Closed damianosmel closed 10 years ago

damianosmel commented 10 years ago

I run ParsEval, resulting to the following error:

"cannot infer missing exons for mRNA 'badA1.t01' (line 579) without CDS feature(s)
Assertion failed: (agn_typecheck_gene(fn)), function gene_stream_next, file src/core/"

I am running Parseval through AEGeAn v. 0.11

Thanks!

standage commented 10 years ago

Could you send me the data files you used while running ParsEval? Or at least a small portion of each file that will reproduce this error? It's hard to tell whether this is a problem with the program or with the input files without actually seeing the files.

Also, this tidbit from the ParsEval documentation is relevant.

damianosmel commented 10 years ago

Sure, how I can find your email?

standage commented 10 years ago

It's included a few places in the documentation, but I'll include it here for convenience: daniel.standage@gmail.com.

damianosmel commented 10 years ago

Thanks, I send you an email.

standage commented 10 years ago

I cannot reproduce this error. When I run ParsEval on the entire file, it gives me the previous error you reported (ID clash). When I isolate the feature listed above, it gives me no error. You will need to provide more details if you would like me to help identify and solve the issue.

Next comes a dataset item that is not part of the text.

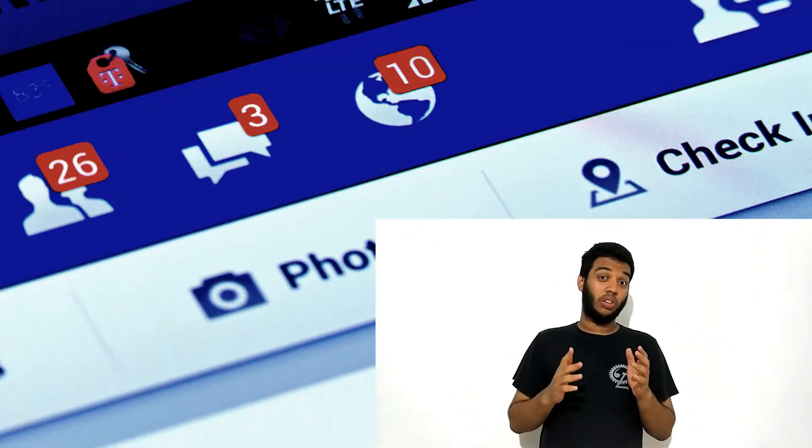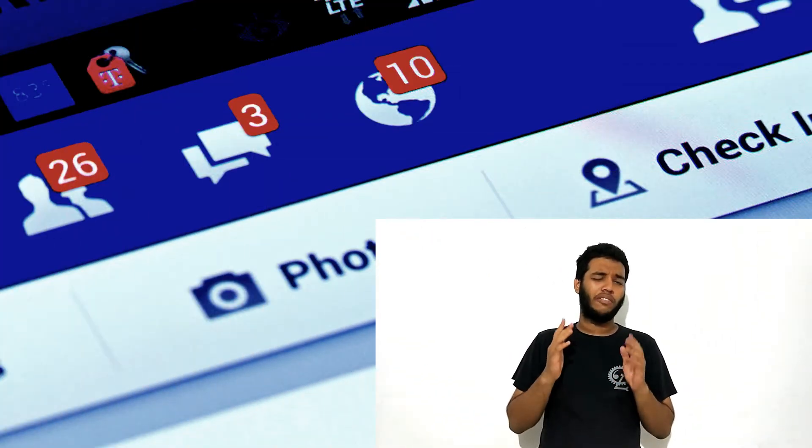If you are getting a lot of Facebook friend requests, or you have a friend who wants to prank you on Facebook, because nowadays creating a fake Facebook account is very easy. Everyone can make a fake Gmail account and create a fake Facebook account.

damianosmel commented 10 years ago

I see. After resolving the ID clash issue by assigning the gene "gltX" to only one strand (e.g both instances to "+" strand), then running ParsEval I encounter the current issue. Is it possible to try this modification in the gff and run again the tool? (or I can send you the modified gff). Thank you for your time.

standage commented 10 years ago

I think you had better send me your modified GFF3 file. My impression is that you have modified it in other ways as well. If you fix or remove the gltX problem, the same exact problem shows up with a different ID. I still cannot reproduce the "cannot infer missing exons" error message.

damianosmel commented 10 years ago

I sent you the modified gff. Thanks.

standage commented 10 years ago

Okay, it looks like this file is absolutely full of problems. In the latest file you sent, you manually changed the strand of two features, but this doesn't really fix the real problem. The real problem is that in many cases you have different features using the same ID. The gltX ID is just one example, but the same thing is happening all over the GFF3 file. Two distinct features (2 different genes for example) cannot have the same ID, or it is going to cause all kinds of problems. I'm guessing that once you fix this problem with the data the error message will go away, so I'm going to close this thread. Feel free to reopen it if the error persists after the data file is fixed.